What you have to do
From the first line to the last, please reproduce the material exactly, skipping the pictures.

──────── Provided data ────────

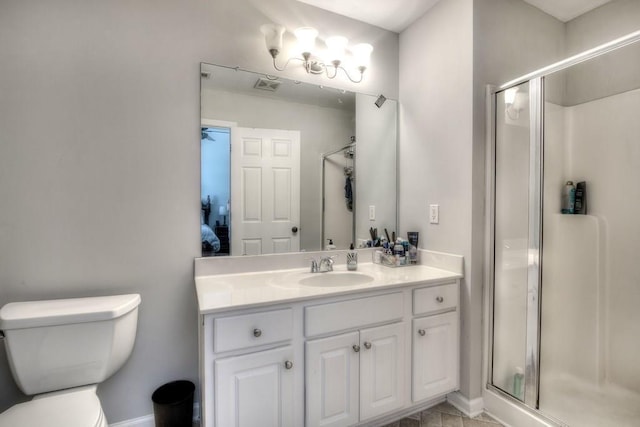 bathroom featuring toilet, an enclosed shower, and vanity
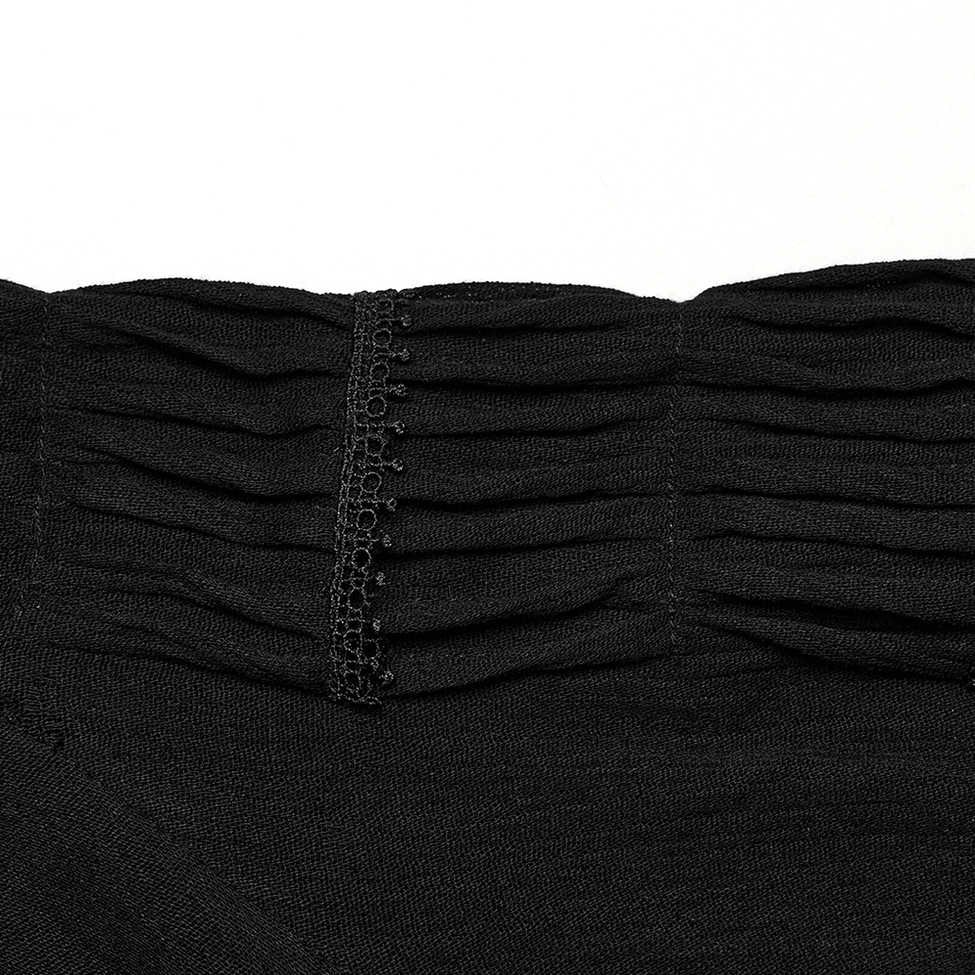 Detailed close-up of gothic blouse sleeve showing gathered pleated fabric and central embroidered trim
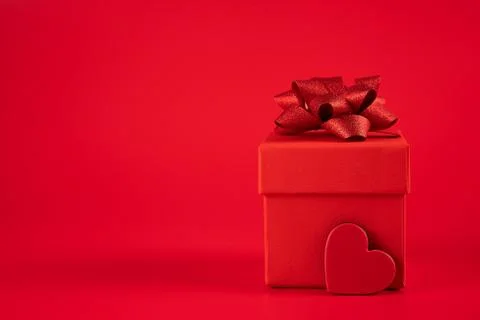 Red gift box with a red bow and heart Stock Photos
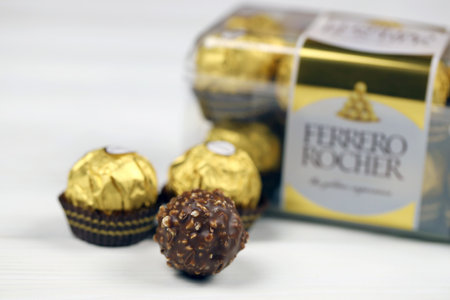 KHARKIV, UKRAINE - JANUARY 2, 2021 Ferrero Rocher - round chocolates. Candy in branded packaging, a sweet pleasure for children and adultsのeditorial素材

────────

Your response
 bathroom featuring toilet, an enclosed shower, and vanity
 Detailed close-up of gothic blouse sleeve showing gathered pleated fabric and central embroidered trim
 Red gift box with a red bow and heart Stock Photos
 KHARKIV, UKRAINE - JANUARY 2, 2021 Ferrero Rocher - round chocolates. Candy in branded packaging, a sweet pleasure for children and adultsのeditorial素材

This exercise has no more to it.